Privatização da TAP – pare, olhe e escute!

Ao privatizar parte minoritária do capital, o Governo abre compromisso com posterior privatização a 100%?

Os diplomas legais da privatização da TAP gerarão tsunami de comentários. O leitor deve ‘parar, olhar e escutar’ para ficar imunizado contra a desinformação. Vamos ajudar.

1. Nos termos da Lei, a Comissão de Acompanhamento da Privatização da TAP já devia ter sido criada, formada por gente competente e independente. A ausência desta Comissão ou a sua constituição marada criarão incidentes de fronteira inúteis e perniciosos.

2. Ao privatizar parte minoritária do capital, o Governo abre compromisso com posterior privatização a 100%, como aconteceu com Brussels, ITA e SAS? Ou é privatização minoritária sem esta garantia?

3. O Governo privatiza parte minoritária de uma empresa pública sujeita ao regime legal próprio, na origem das ‘urgências imperiosas’ como aconteceu com a atual TAP [ver a seguir]? Luis Gallego, CEO do IAG afirma o que pensam os CEO’s do Grupo Lufthansa e AF/KLM: «Temos de ver as condições e a liberdade que teremos para gerir a companhia, porque para termos as margens que temos no grupo é porque fazemos as coisas certas, que teremos de fazer também na companhia» (2025.02.28, Eco).

4. Veio a público a contradição entre o estatuto de empresa pública TAP e a regulação europeia de 1993, concebida para empresas adaptáveis às exigências do Mercado Único do Transporte Aéreo. Os destaques do Eco (2025.06.cc) são claros: i) «Atual e ex-presidente da TAP sancionados de novo pelo Tribunal de Contas», ii) «Em causa estão contratos com um valor global de 472,9 milhões de euros relativos à aquisição de jet fuel, seguros de trabalho ou serviços de catering», iii) Companhia justifica com «urgência imperiosa». Ou ficamos pelo otimismo opinativo do Expresso: «O interesse dos principais candidatos à privatização da TAP […] mantém-se de pedra e cal, e tudo aponta para que não seja beliscado pelo facto de o Governo ter decidido avançar com a venda de uma posição minoritária». O ‘tudo aponta’ é delicioso.

5. Estatuto do pessoal e pendência de centenas de contratos nulos que desvalorizam a empresa.

6. Enquanto houver TAP, manter a base da empresa em Lisboa é óbvio.
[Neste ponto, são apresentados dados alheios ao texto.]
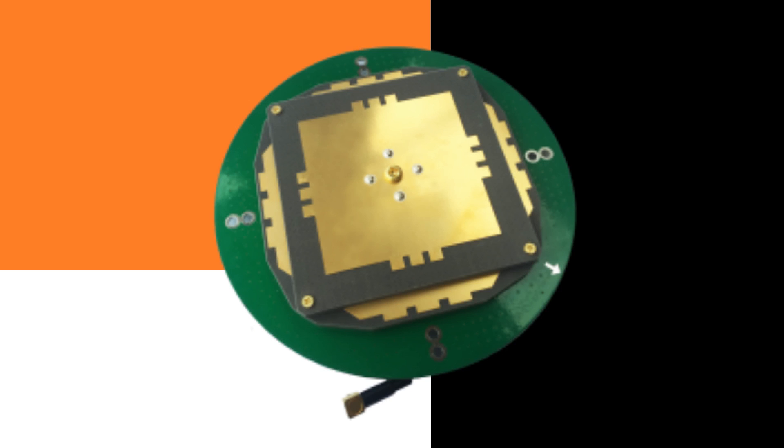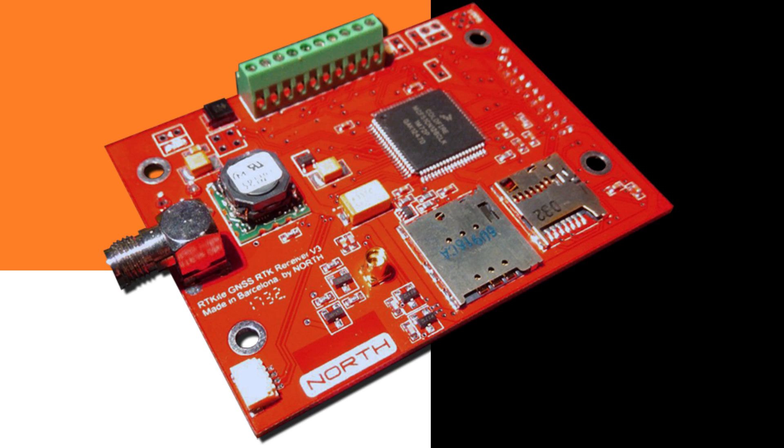For determining the exact position, there are two main parts integrated in the GNSS receiver. The first item is the antenna. The antenna receives the satellite signals and sends those signals to the other part — the RTK module. The RTK module calculates the exact position using the satellite signals from the antenna and the corrections that it receives.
Diferente é o caso do tráfego de hub em Lisboa entre Europa, Brasil, América do Norte e África Ocidental, que depende da competitividade da TAP em o captar. O Governo não está em condições de ‘exigir’ manter o hub de Lisboa. Tem é de acordar para a realidade do mercado e ‘garantir’ à TAP as condições para ser competitiva face à concorrência. Manter o regime de empresa pública e a inacreditável demora na fronteira Schengen de Lisboa ameaçam o hub e são da estrita responsabilidade do Governo. A crescente comunidade brasileira cria vantagem comparativa com tráfego ponto a ponto que complementa o de hub.

7. Acordo bilateral entre Portugal e Brasil garante à TAP, e só à TAP, acesso a todos os aeroportos do Brasil e é crucial para o hub em Lisboa. O tráfego de hub em Lisboa com origem nos EUA e Canada é crucial para a TAP e tem sido descurada. Este tráfego é ameaçado pelo IAG que, desde 2019, quer promover Madrid a Grande Hub da Europa. É menos ameaçado pelo AF/KLM dada a maior distância a Paris. É complementar com o do Lufthansa Group, dado o afastamento de Francoforte, o que faz deste Grupo sério competidor à aquisição da TAP.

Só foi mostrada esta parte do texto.